Experimental Study, Discussion, and Results

The test members were oriented vertically, fixed at the base, and attached rigidly to a frame through which the lateral load was applied. An axial load P was applied first and then a lateral load H was applied until the member reached its maximum capacity. The plots of the hysteresis loops for the CFT member were very full and there was no deterioration of stiffness as the loads were cycled, except in specimens with small axial load ratio (P/Po). The failure of the specimens was due to a combination of compression and bending, manifested by a cracking of the concrete and local buckling around the entire perimeter of the tube at the top of the column where the loads were applied. Failure was preceded by four distinct stages of loading. Up to 0.4*Hmax, the member remained elastic. At this point, confinement began as Poisson's ratio for concrete exceeded that of the tube. The ratio of circumferential to longitudinal strain in the tube at the point of maximum compression at the top of the member was approximately 0.4. The portion of the load-deformation curve at this stage was non-linear. At 0.75*Hmax, the tube began to deform plastically. The concrete continued to expand laterally at a greater rate than the steel and the confinement increased. The ratio of circumferential to longitudinal strain at this stage was more than 0.8. Strain hardening occurred here for some specimens while others began to show the formation of local buckling. The behavior in the final stage (Hmax and the subsequent unloading beyond this point) was governed by the P/Po ratio. For very small P/Po, no unloading occurred. The authors' discussion of the relation between H and P for higher values of P at failure was very nebulous.

Most of the specimens were able to absorb over 90% of the energy during cyclic loading. The P/Po ratio had the greatest effect of the variable parameters. Increasing P produced an increase in both the ductility ratio () and the amount of energy absorbed (area within the hysteretic loop). Increasing the steel ratio (As/Ac) increased ductility, energy absorption, and Pu; increasing the slenderness ratio had the opposite effect. Comparing the CFT member to the reinforced concrete member with the same slenderness ratio, steel ratio, and axial load ratio showed a value of Pu for the CFT of 2.174 times that of the reinforced concrete member. This gave a corresponding hysteretic loop with much greater area signifying better seismic behavior.

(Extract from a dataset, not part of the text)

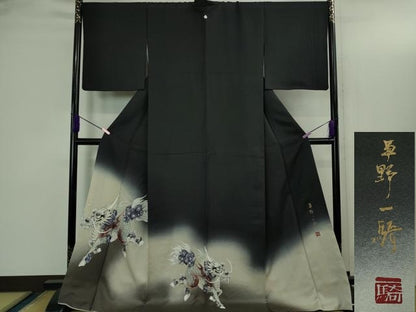 平和屋本店●極上　染色作家　草野一騎　色留袖　手描き　麒麟　暈し染め　蝉色地　金彩　ロング丈　逸品　DZAB3431kh6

Despite this, the ductility ratio and the energy absorption ratio of the CFT and the reinforced concrete members were very similar, indicating that these parameters were not good measures of seismic performance. Therefore, the authors recommended calculating the absorbed energy per unit volume of the member. Doing this, they found that the energy absorption capacity of the CFT was 2.9 times the capacity of the reinforced concrete member.

References

Huang, S., Huang, X, and Zhong, S. (1991). “Experimental Research on Behavior of CFST Member Resisting Lateral Load,” Proceedings of the Third International Conference on Steel-Concrete Composite Structures, Wakabayashi, M. (ed.), Fukuoka, Japan, September 26-29, 1991, Association for International Cooperation and Research in Steel-Concrete Composite Structures, pp. 107-112.